** Opening TASK INPUTS block **
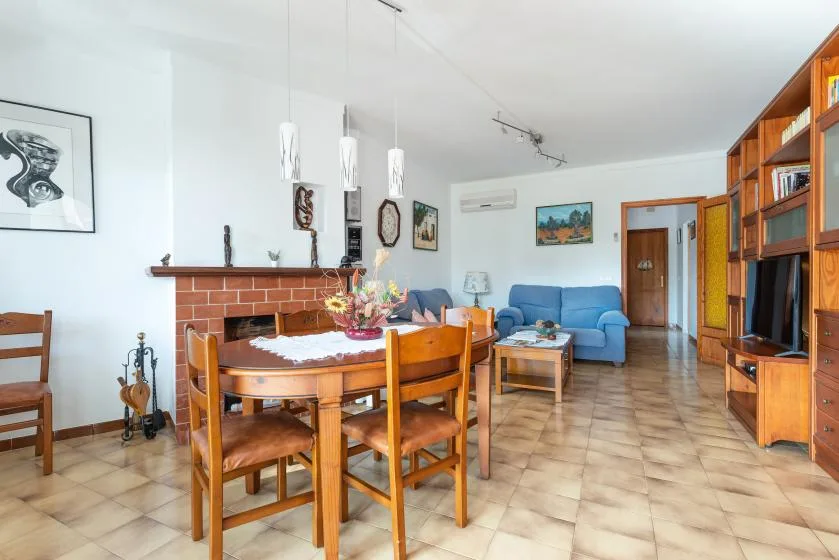 Una sala de estar y comedor con una mesa de madera, asientos azules y una chimenea.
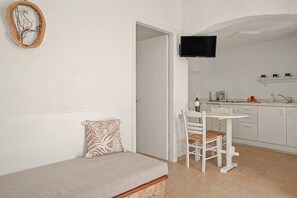 A small, cozy room with a sofa, a dining table with chairs, a kitchen area with a TV, and a door leading to another room. - Apartment 'Pool Suite 5' with Sea View, Wi-Fi and Air Conditioning (Αρκάσα)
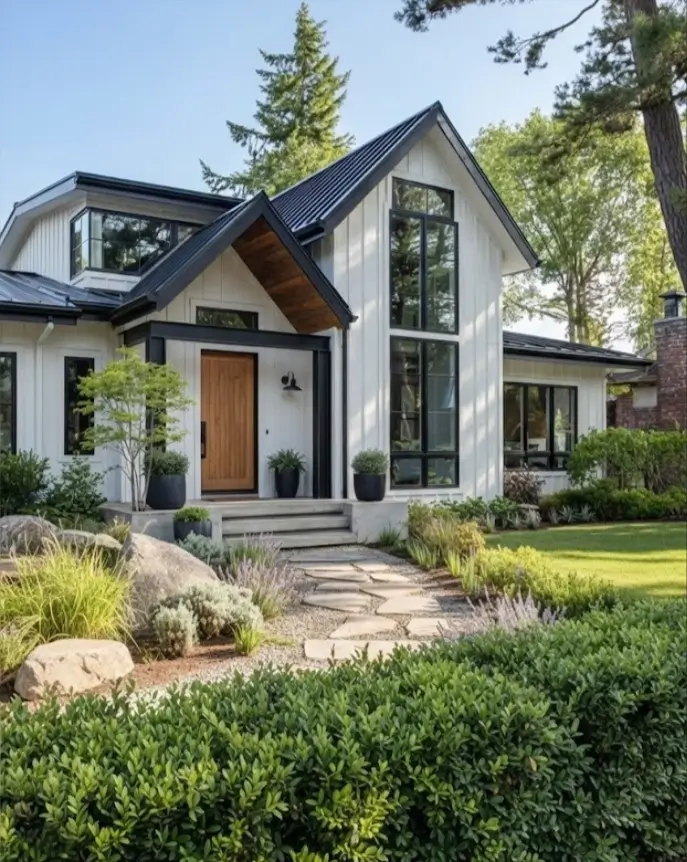 White Farmhouse With Black Trim: 34 Ideas for a Timeless Exterior 9 Natural wood front door and stone walkway warming up a white farmhouse with black trim.
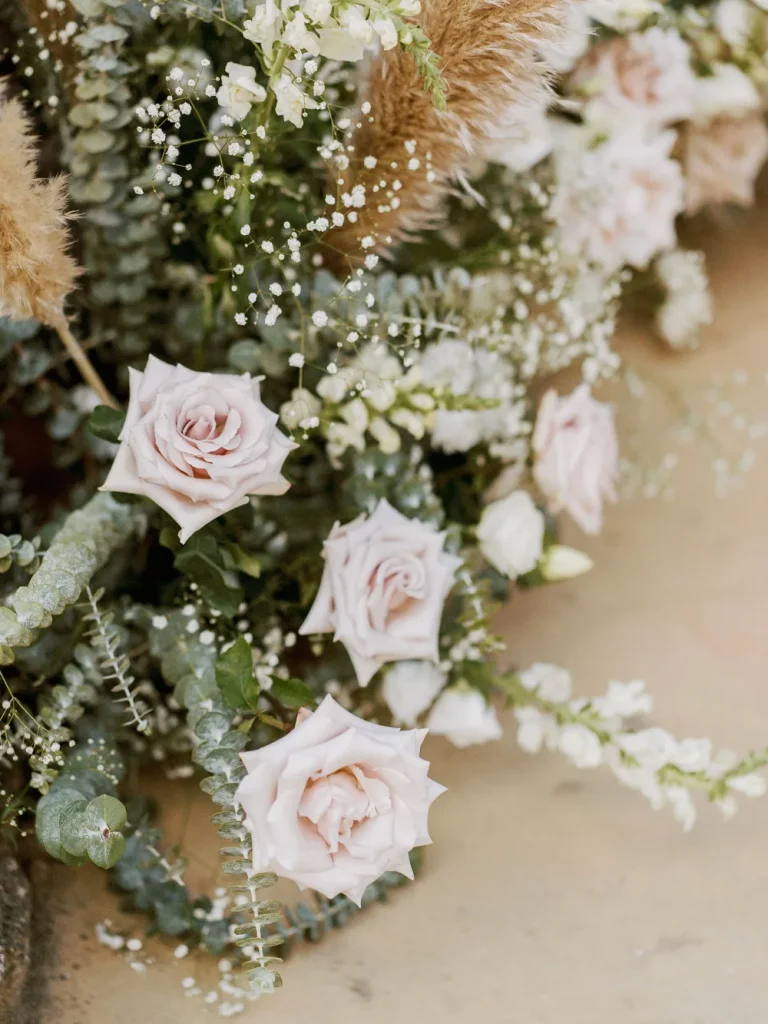 A delicate wedding floral arrangement featuring blush roses, pampas grass, and eucalyptus leaves.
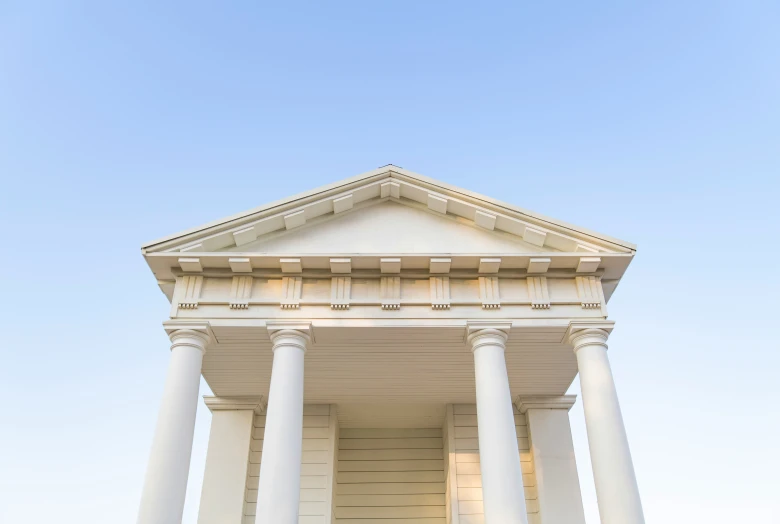 a white building with several columns on top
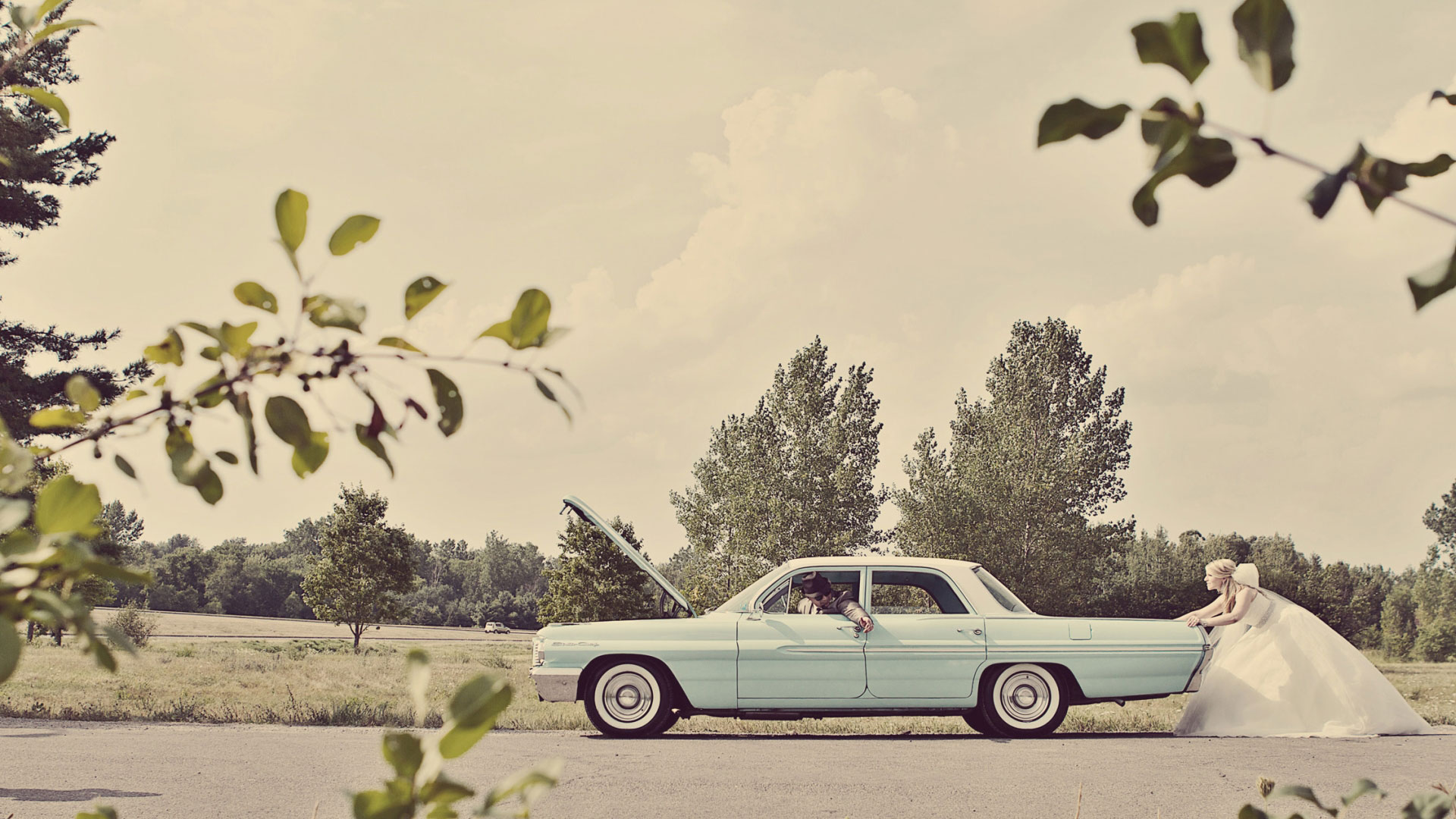 Bride pushing groom in blue vintage car | Sala San Marco | Renaissance Studios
** Closing TASK INPUTS block **
→ WHAT YOU NEED TO DO
Once the pictures are dropped, repeat the data above exactly.

→ EXERCISE RESPONSE
 Una sala de estar y comedor con una mesa de madera, asientos azules y una chimenea.
 A small, cozy room with a sofa, a dining table with chairs, a kitchen area with a TV, and a door leading to another room. - Apartment 'Pool Suite 5' with Sea View, Wi-Fi and Air Conditioning (Αρκάσα)
 White Farmhouse With Black Trim: 34 Ideas for a Timeless Exterior 9 Natural wood front door and stone walkway warming up a white farmhouse with black trim.
 A delicate wedding floral arrangement featuring blush roses, pampas grass, and eucalyptus leaves.
 a white building with several columns on top
 Bride pushing groom in blue vintage car | Sala San Marco | Renaissance Studios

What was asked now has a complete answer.